Intégrer l’Allemagne
De même, les États-Unis, une fois l’Alliance atlantique conclue en 1949, n’ont eu de cesse de trouver une façon de réarmer l’Allemagne et de l’y intégrer face à l’URSS. C’est alors que la France mit de l’avant la proposition de créer la Communauté européenne de défense pour enchâsser l’Allemagne dans un cadre européen plutôt qu’une soumission à l’état-major de l’OTAN. Les pressions américaines sur la France pour qu’elle ratifie l’accord qu’elle avait elle-même mis de l’avant ont été brutales, proches d’un chantage au moment où la France était empêtrée en Indochine.
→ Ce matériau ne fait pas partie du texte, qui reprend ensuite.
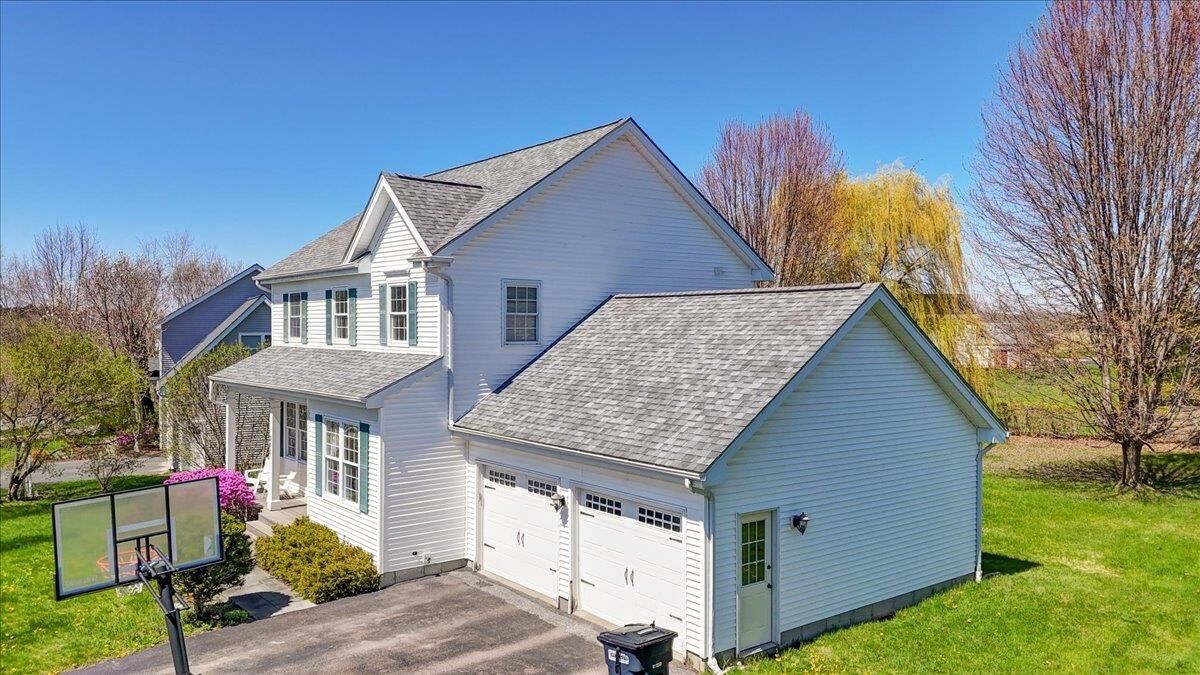 Property Photo:  311 Brennan Woods Drive  VT 05495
Aussi, quand le président du Conseil français, Pierre Mendès France, mit l’accord au vote à l’Assemblée nationale française le 30 août 1954 sans même engager son propre gouvernement et que l’accord fut rejeté, dans les mois qui suivirent, appuyés vigoureusement par la Grande-Bretagne, les États-Unis forcèrent l’intégration de l’Allemagne au sein de l’OTAN comme membre à part entière. Pendant toute cette période, la France subissait aussi des remontrances américaines en faveur d’une décolonisation plus rapide, notamment en Afrique du Nord, sauf quand toute mouvance en ce sens pouvait avantager l’URSS et, plus accessoirement à l’époque, la Chine jusqu’à la guerre de Corée. La chute de la France en Indochine, à Diên Biên Phu, allait transférer ce joyau de la guerre froide aux États-Unis.
Faut-il rappeler le veto français aux Nations unies contre l’invasion américaine en Irak sous George Bush junior en 2003 et la fin temporaire des french fries ? Ce n’est certainement pas l’image de Trump détachant une pellicule sur le veston de Macron qui aura changé les choses.
Mais la leçon est claire : les alliés, oui, quand on en a besoin… mais l’intérêt américain l’emportera toujours, surtout au moment où la puissance américaine, ou l’influence américaine s’étiole…
L’Europe est un acteur trop important sur la nouvelle planète qui se dessine. Elle doit devenir le troisième pôle dans le monde sur tous les plans. Peut-être qu’une nouvelle Communauté européenne de défense s’impose, avec de vrais moyens, sans exclure la coopération outre-Atlantique, mais autant que possible comme puissance co-égale et non demanderesse.